Kişi davranışlarının, hukuki olarak netice yaratabilmesi, hukuki işlemler ve günümüzde en sık başvurulan biçimi olarak sözleşmeler ile mümkün olmaktadır. Sözleşme kelimesi ile ifade edilen kavram, esasen hukuki alanda farklı terminolojik ifadeler ile anılmaktadır. Geçmiş döneme ait birtakım mevzuat metinlerinde, halk arasında yahut hukuk uygulamasında “mukavele, akit, protokol, anlaşma, tutanak” gibi kelimelerin sözleşme terimi yerine kullanıldığı gözlenmektedir.

TBK. m. 1. hükmünde, “Sözleşme, tarafların karşılıklı ve birbirine uygun irade beyanı ile oluşan hukuki işlemlerdir.” şeklinde ifade edilmiştir. TBK. m. 1-40 arasında yer alan hükümlerde sözleşme, bir borç kaynağı olarak düzenlenme altına alınmıştır. Fakat sözleşme kavramı, yalnızca borç sözleşmesinden ibaret olmayan esasında daha geniş bir kavram olarak görülmektedir. Zira sözleşme kavramına sadece Borçlar Hukukunda değil tümüyle Medeni Hukuk içerisinde ve hatta diğer hukuk alt disiplinleri muhtevasında da rastlanmaktadır. Diğer yandan, sözleşmenin yalnızca bir hukuki anlamda bir borç ilişkisini kurma amacıyla değil, aynı zamanda var olan bir ilişkiyi uyarlamak ya da ortadan kaldırmak amacıyla da yapılmaktadır.

Bir ilke olarak sözleşme özgürlüğü, “bir kimsenin kendi arzu ve iradesi ile dilediği konuda ve şartlarda sözleşme yapabilme ve kendi adına hak ve borçlar doğurabilme özgürlüğü” olarak ifade edilmektedir.
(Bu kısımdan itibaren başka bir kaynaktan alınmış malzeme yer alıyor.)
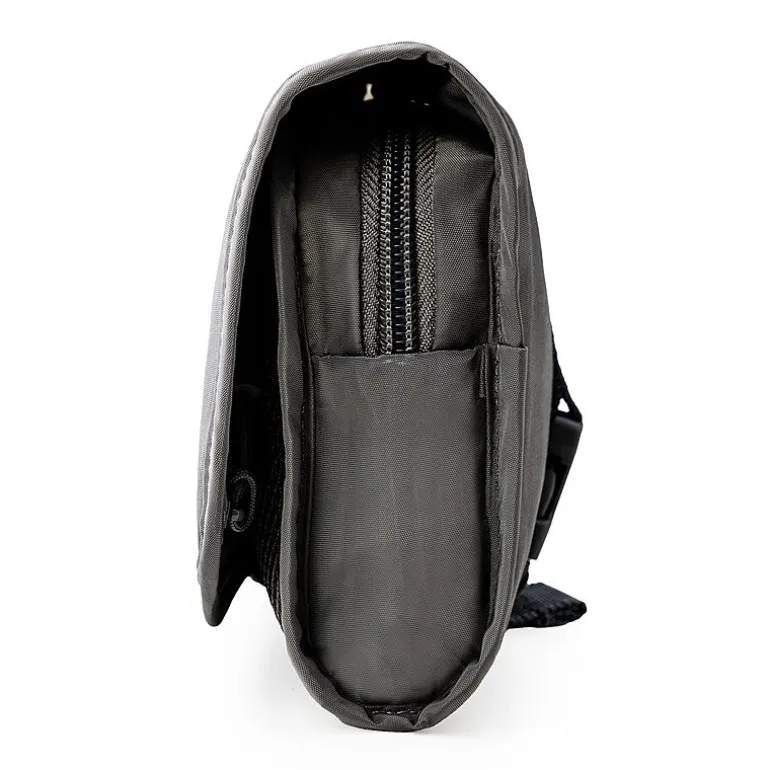 Travelon Pi Forget Me Not Mini Organizer
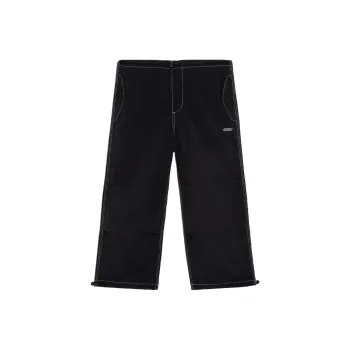 AUTRY Reflex Parachute Trousers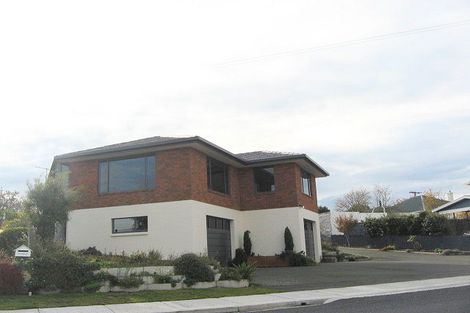 Photo of property in 17 Lowestoft Street, Balclutha, 9230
Hukuk sistematiğimiz içerisinde sözleşme özgürlüğü, temel hak ve özgürlük olarak Türkiye Cumhuriyeti Anayasası ile hüküm altına alınmıştır. AY. m. 48’de “Sosyal ve Ekonomik Haklar ve Ödevler” başlığı içerisinde düzenleme altına alınmıştır. Söz konusu hüküm gereği, herkes dilediği alanda çalışma ve sözleşme özgürlüğüne sahiptir. AY.’da güvence altına alınan sözleşme özgürlüğü, yalnızca kamu yararı amacıyla sınırlanabilmektedir. Zira AYM. tarafından 2008 yılında verilen bir içtihatta sözleşme özgürlüğü, “Sözleşme özgürlüğü, özel hukuktaki irade özerkliği ilkesinin Anayasa hukuku alanındaki dayanağıdır. Özel hukukta irade özerkliği, kişilerin yasal sınırlar içerisinde istedikleri hukuki sonuca bu yoldaki iradelerini yeterince açığa vurarak ulaşabilmelerini ifade etmektedir. Anayasa açısından sözleşme özgürlüğü ise Devletin, kişilerin istedikleri hukukî sonuçlara ulaşmalarını sağlaması ve bu bağlamda kişilerin belli hukukî sonuçlara yönelen iradelerini geçerli olarak tanıması, onların iradelerinin yöneldiği hukukî sonuçların doğacağını ilke olarak benimsemesi ve koruması demektir. Sözleşme özgürlüğü uyarınca kişiler, hukuksal ilişkilerini özgür iradeleriyle ve sözleşmelerle düzenlemekte serbesttir. Anayasanın 48. maddesinde koruma altına alınan sözleşme özgürlüğü, sözleşme yapma serbestisinin yanı sıra, yapılan sözleşmelere dışarıdan müdahale yasağını da içerir.” şeklinde tanımlanmıştır.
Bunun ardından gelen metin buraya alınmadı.